1½ cups graham cracker crumbs

1/4 cup malted-milk powder

2 tablespoons granulated sugar

3/4 teaspoon kosher salt

1/4 cup unsalted butter, melted

1/4 cup heavy cream

For chocolate filling

8 ounces bittersweet chocolate, finely chopped

1/3 cup heavy cream

1½ teaspoons light corn syrup

2½ tablespoons unsalted butter

For topping

10-ounce bag marshmallows

Make crust: In large bowl, whisk together graham cracker crumbs, malted milk powder, sugar and salt. In measuring cup, whisk together melted butter and heavy cream, then pour over crumb mixture. Using a rubber spatula, fold and mix the ingredients together until all of dry ingredients are evenly moistened. 

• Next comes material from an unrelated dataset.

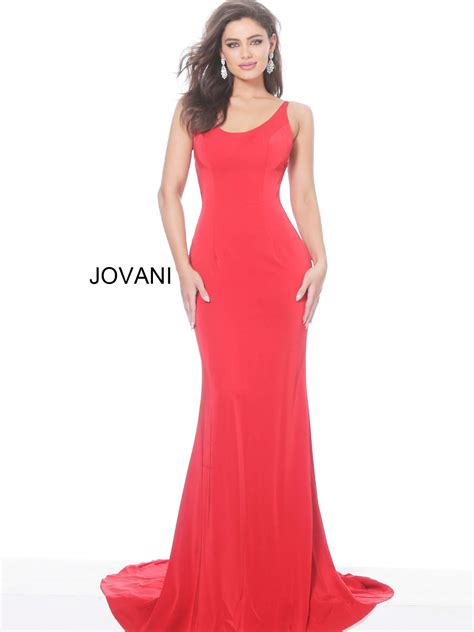 Jovani 66087 Red Scoop Neck Bodycon Evening Dress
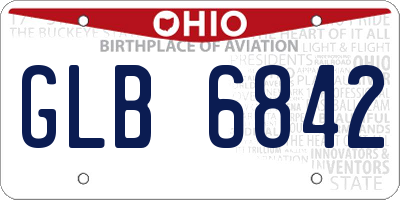 OH license plate GLB6842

Turn mixture into a 9-inch pie pan and press evenly along the bottom and up the sides of pan. Refrigerate while chocolate filling is prepared.

Make filling: Place chopped chocolate in medium bowl. Combine heavy cream and corn syrup in small saucepan and place over medium heat. Warm mixture until it is just barely boiling. Remove from heat and pour over chopped chocolate. Let sit for 1 minute, then gently begin stirring with a rubber spatula. Mix until all of the chocolate is melted and combined. Add butter and stir until melted and incorporated.

Pour chocolate mixture into chilled pie crust and spread into an even layer. Gently press marshmallows into the chocolate filling, covering the top of pie with marshmallows. Chill pie briefly (30 minutes to an hour) to allow chocolate to set. When ready to serve, use a kitchen torch to toast the marshmallows.

Makes 8 servings.

-- Browneyedbaker.com

Scrumptious S’More Milkshake

PG tested

A little decadent, but a step above a traditional vanilla milkshake. Not just for youngsters, though drinking one will make you feel like a kid -- I sent one on the road with my husband in a travel coffee cup and I’m pretty sure he finished it before he got out of the driveway.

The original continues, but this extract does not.